And here’s the main critical issue with this whole design. Let’s just say that the person using it is one of those spectacularly lucky individuals who smells right to bees, to where s/he can just reach inside a hive and not get stung at all. It happens just often enough. The problem, though, is that the hive can’t be picked up (and you don’t know how heavy a hive full of honey can be until you try to move one) and taken outside if it’s attached to a window. This means, in order to gather honey (the hive’s stated purpose) or do basic hive maintenance (which isn’t even accounted for in this plan), this requires opening that polycarbonate case inside a house or apartment. The person opening it may be lucky enough not to get stung, but do you want to risk this with anybody else in the building?

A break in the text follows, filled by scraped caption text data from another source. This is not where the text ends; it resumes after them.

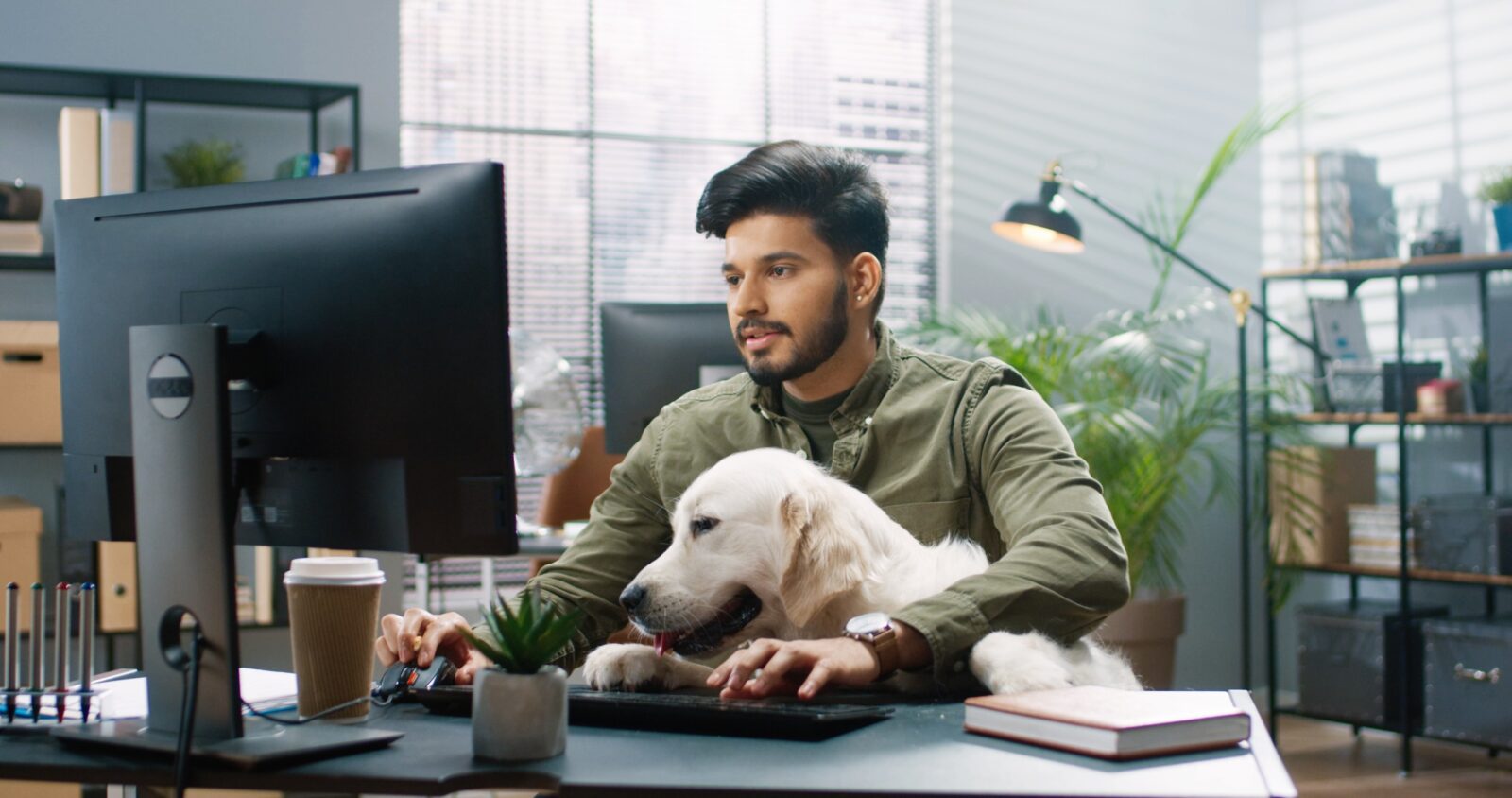 A professional working from home at a desk, part of a hybrid team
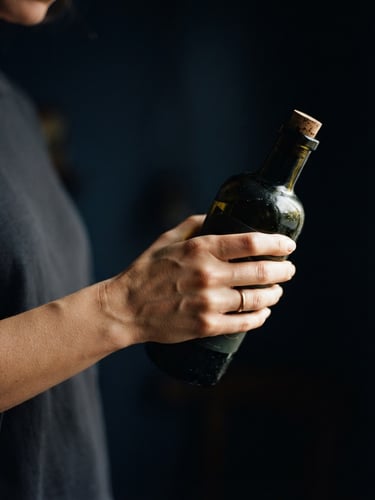 Moody editorial food photography, close-up of a hand inspecting a dark glass bottle of olive oil under soft natural side-light, gold highlights, deep navy background.
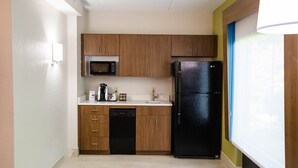 Una cocina compacta con armarios de madera, un refrigerador negro, un microondas y un lavavajillas.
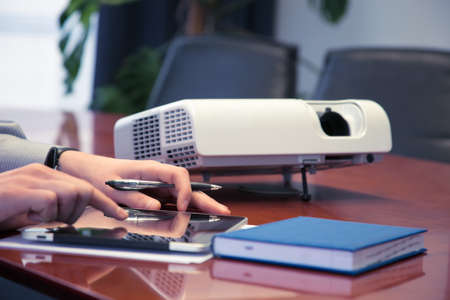 Businessman with projector. High resolution. 3D renderの写真素材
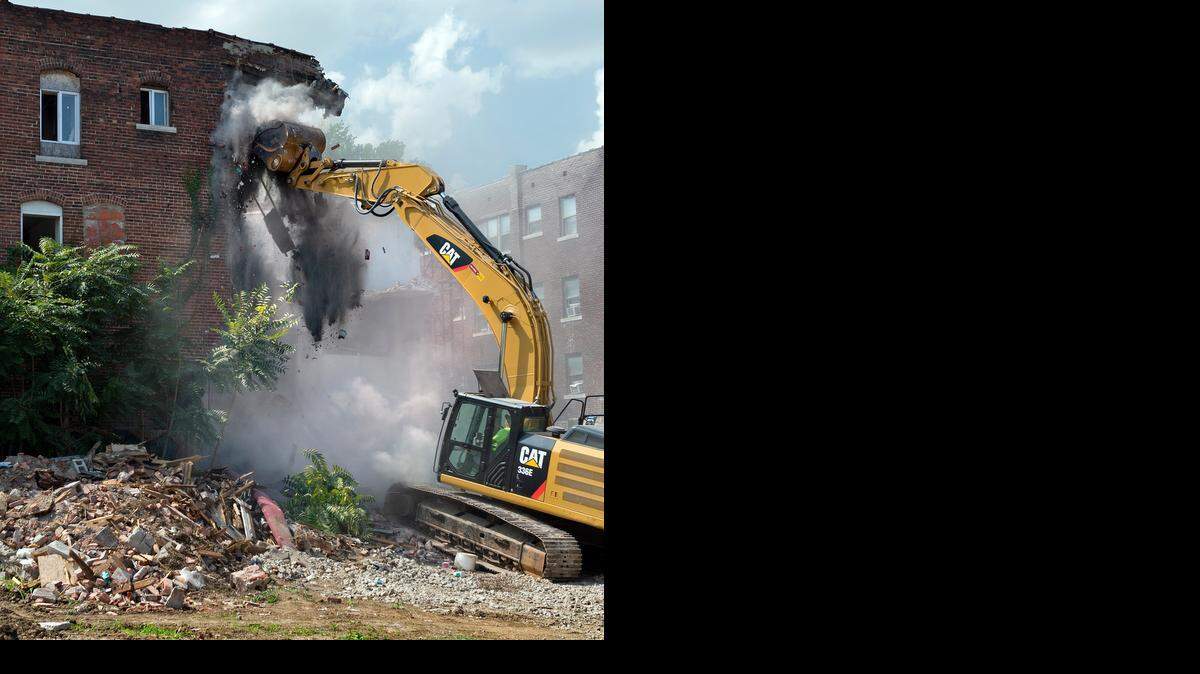 
Workers have begun final demolition of the three-story brick church at Independence and Benton boulevards that suffered a collapsed wall on Aug. 7. A track hoe ripped away at the east side of the structure on Thursday afternoon, Aug. 28, 2014. 
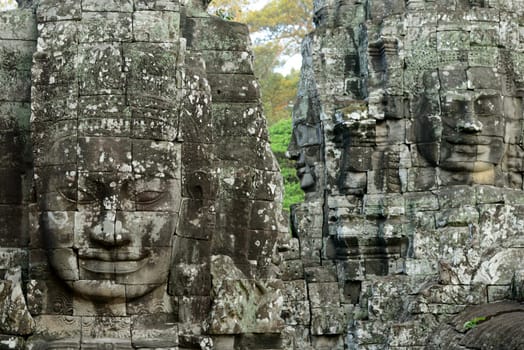 Stone Faces the Tempel Ruin of Angkor Thom in the Temple City of Angkor near the City of Siem Riep in the west of Cambodia.
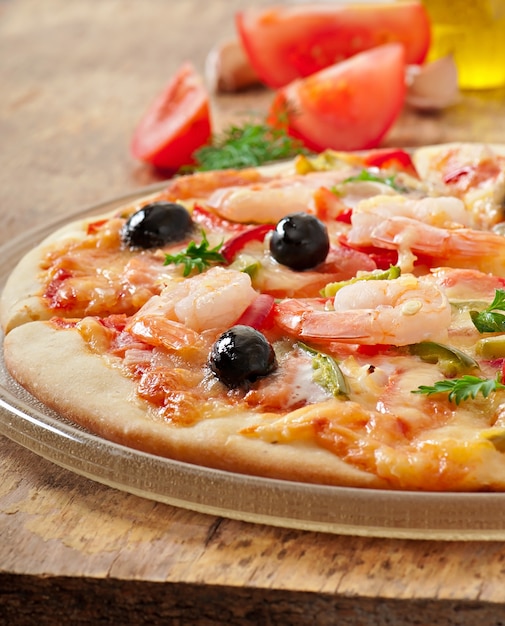 Pizza with shrimp, salmonnd olives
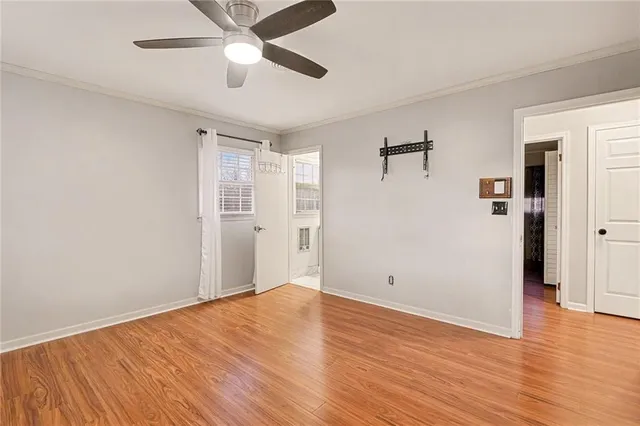 a view of empty room with wooden floor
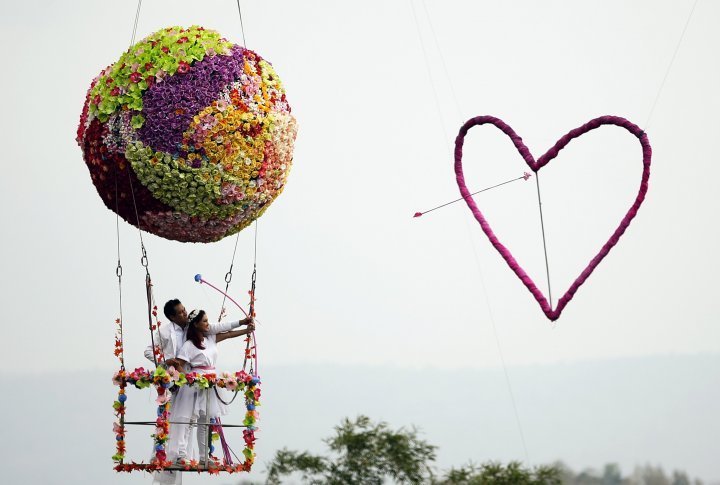 A bride and groom shoot an arrow from a bow during the wedding ceremony on the Valentines Day eve in Thailand. ©Reueters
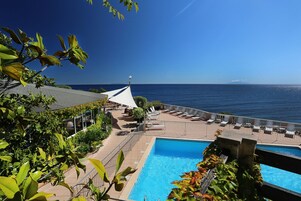 Una piscina al aire libre de temporada, sillones reclinables de piscina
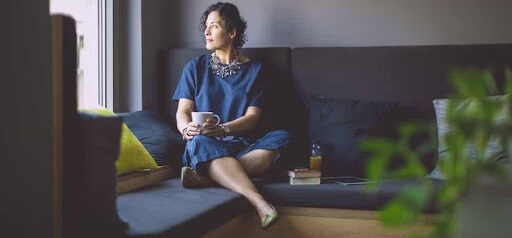 woman sits on couch thinking about her high net worth pending divorce KHM Attorneys at Law Colorado Springs, Castle Rock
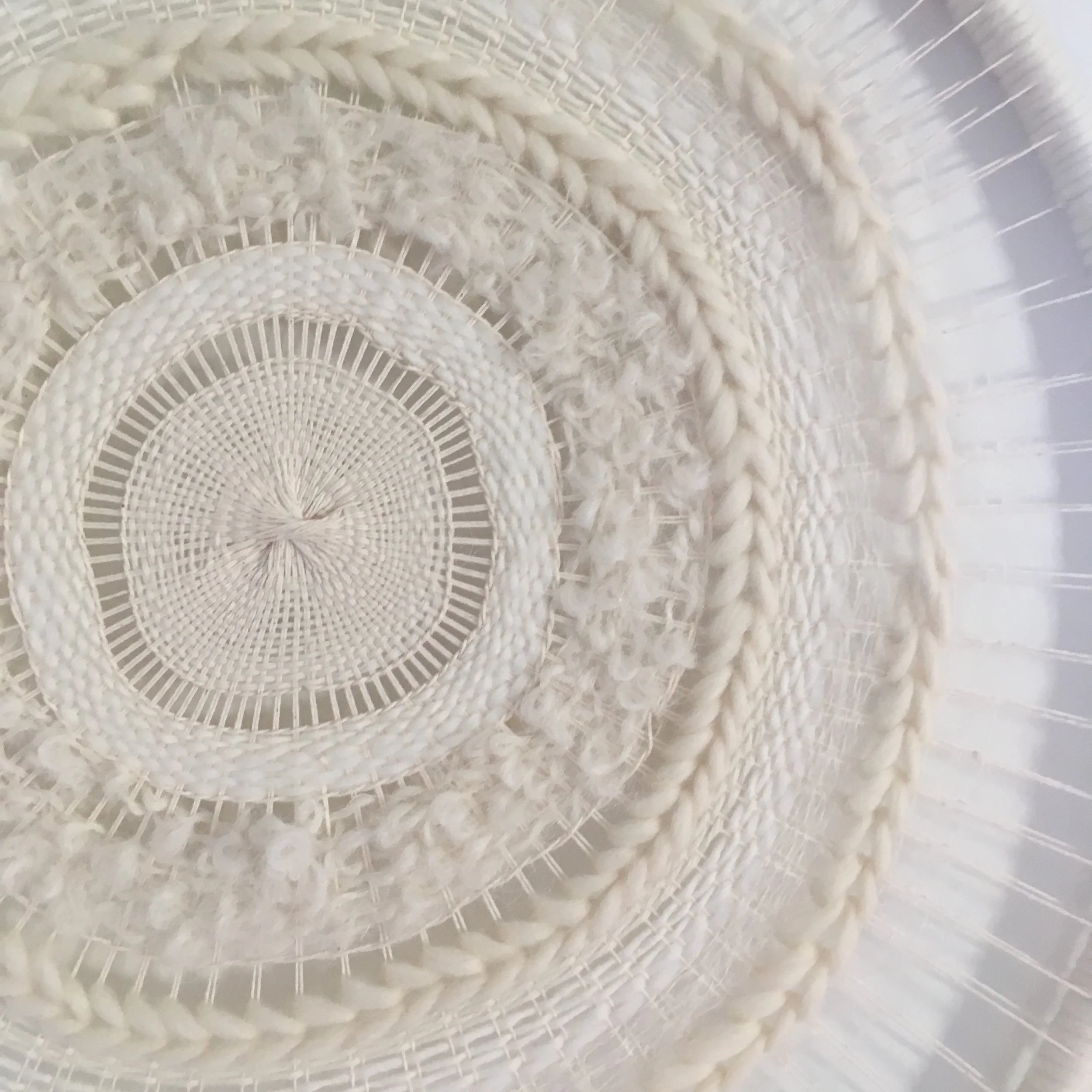 Close-up of a circular woven textile design with concentric patterns in shades of white and cream, featuring various textures and weaving techniques.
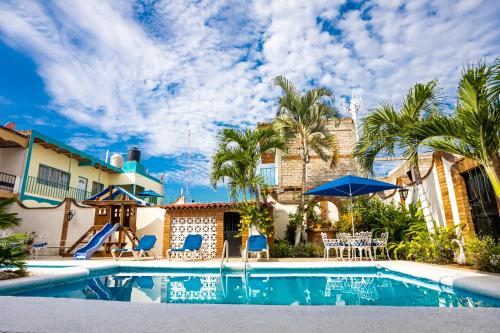 a swimming pool with palm trees and a house at Bungalows Maria Teresa in Rincon de Guayabitos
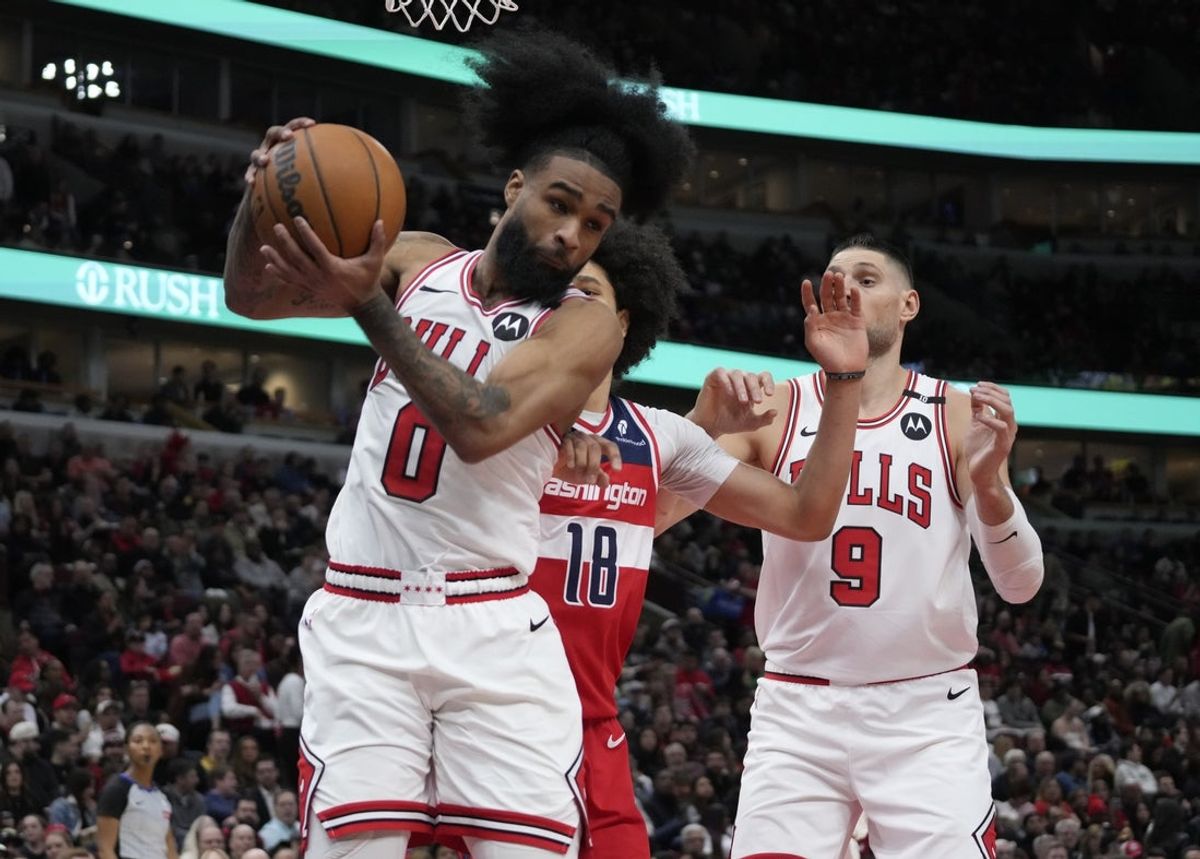 Apr 11, 2025; Chicago, Illinois, USA; Washington Wizards forward Kyshawn George (18) defends Chicago Bulls guard Coby White (0) during the second half at United Center. Mandatory Credit: David Banks-Imagn Images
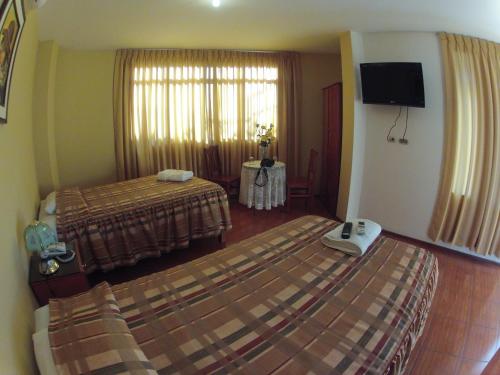 a hotel room with two beds and a flat screen tv at Hotel Alegria Nasca in Nazca
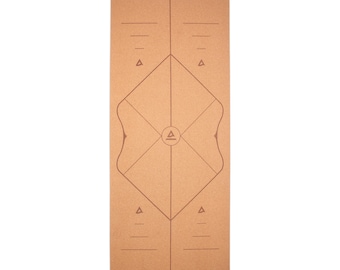 May include: A rectangular yoga mat in a natural cork color. The mat features a geometric design with lines, triangles, and a central emblem. The design is in a darker shade of brown. The mat is designed for yoga and fitness activities.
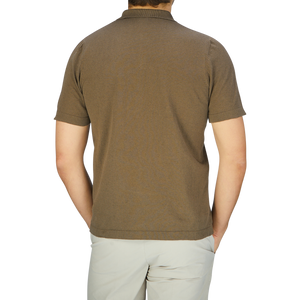 The back view of a man wearing a G.R.P Olive Green Cotton Linen Polo Shirt.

Even better, after you’ve cracked open the hive and let about 5000 to 10,000 bees loose, how are you planning to get them to go back inside? Ask them nicely?

The fact that Amanda Kooser at CNet fell for this sums up a lot of the current problems with science journalism these days. I have no doubt that Ms. Kooser is well-informed on the latest in consumer electronics, but it’s obvious that she knew next to nothing about beekeeping and didn’t have the time to check with anyone who did. Even better, I can only imagine the phone exchange if she had: “Please excuse me, Ms. Kooser. I have to go laugh myself incontinent, and I’ll call you back as soon as I’ve changed my pants.”

Now, judging by some of the comments over at the CNet article, this missive will be met with the same response from know-nothings who think that any criticism is unfair and overly negative. Let’s see how supportive they are of this idea after the first time they try to open the blasted thing.